Combining these terms means performing the arithmetic operation (addition or subtraction) among them. On the left-hand side of the equation, combining like terms \(x - 4x\) results in \(-3x\). On the right-hand side, \(6x - 8x\) simplifies to \(-2x\).

By combining like terms, the original equation \(x - 4 - 4x = 6x + 9 - 8x\) simplifies to \(-3x - 4 = -2x + 9\), setting the stage for the next steps in solving the equation.

After combining like terms, the next strategy is to isolate the variable. This process helps simplify the equation, making it easier to solve for the variable. With the equation \(-3x - 4 = -2x + 9\), we aim to get all the terms involving \(x\) on one side.

To achieve this, you can either move the terms from the right to the left or vice versa, depending on personal preference or which seems simpler. In this case, adding \(2x\) to both sides effectively moves the \(-2x\) from the right to the left, resulting in a new equation:

\(-3x + 2x - 4 = -2x + 2x + 9\).

The equation simplifies to \(-x - 4 = 9\). This process ensures one side is free of the variable, allowing for easier solutions in subsequent steps.

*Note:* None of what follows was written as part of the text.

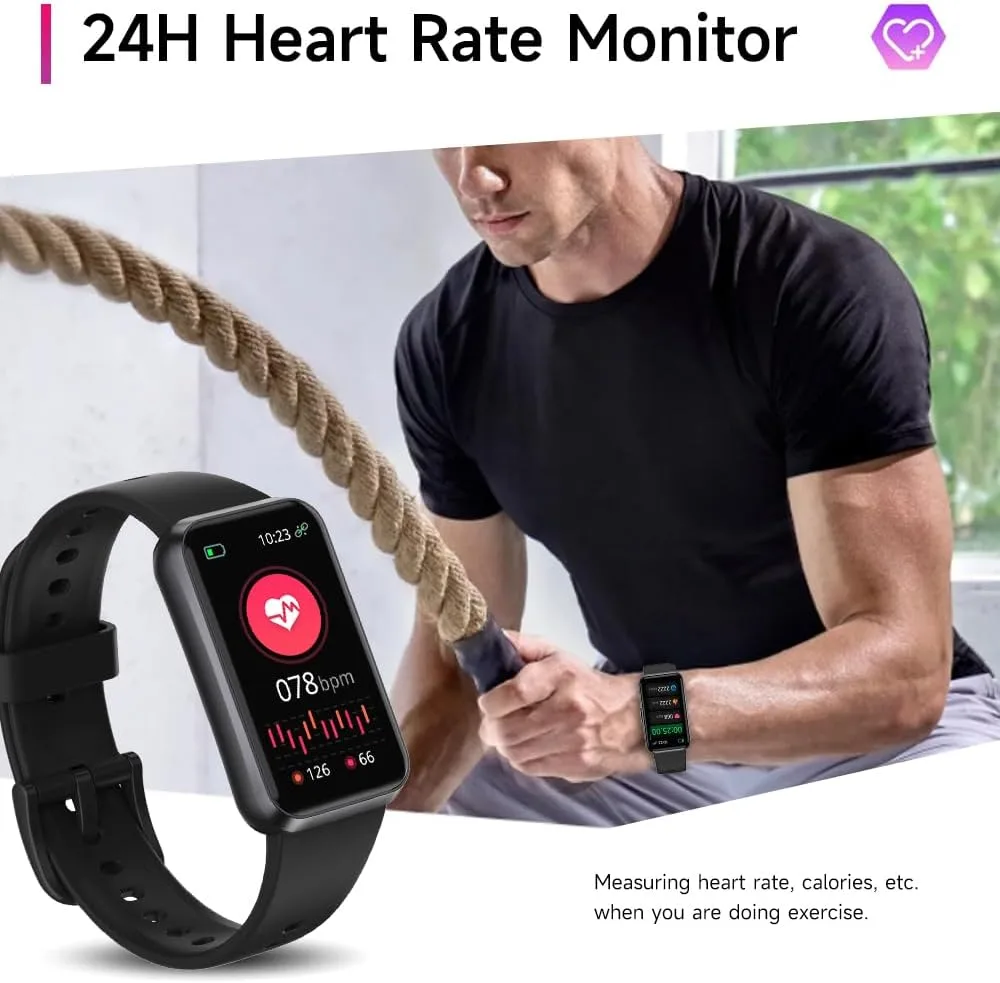 Fitness Trackers,Heart Rate Blood Oxygen Sleep Monitor,1.47‘’ OLED Display,Calorie Pedometer Steps Counter Activity watchs,Smart Band 24/7 Health Monitoring(Black) (DarkBLue)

With the variable isolated to one side, you can solve for it by removing any constants that share the same side. In the simplified equation \(-x - 4 = 9\), adding 4 to both sides allows you to cancel out the \(-4\):

\(-x - 4 + 4 = 9 + 4\).

This operation results in \(-x = 13\). With only the variable \(-x\) left on one side, the equation becomes more straightforward. However, notice that the variable is negative, which brings us to the final adjustments needed.

Algebra often involves several steps to transition from a complex equation to an easily solvable form. In our problem, the final step after isolating \(-x\) involved solving for a positive variable. This requires converting the negative variable into its positive form by multiplying or dividing both sides by -1.

Applying this to \(-x = 13\), you perform the multiplication:

\(-1 \times (-x) = -1 \times 13\).

The equation resolves to \(x = -13\), giving you the solution to the original equation. Step-by-Step solutions such as these provide a clear path from problem to solution, demonstrating methodically how each move contributes to simplifying the equation, making complex algebra problems more approachable.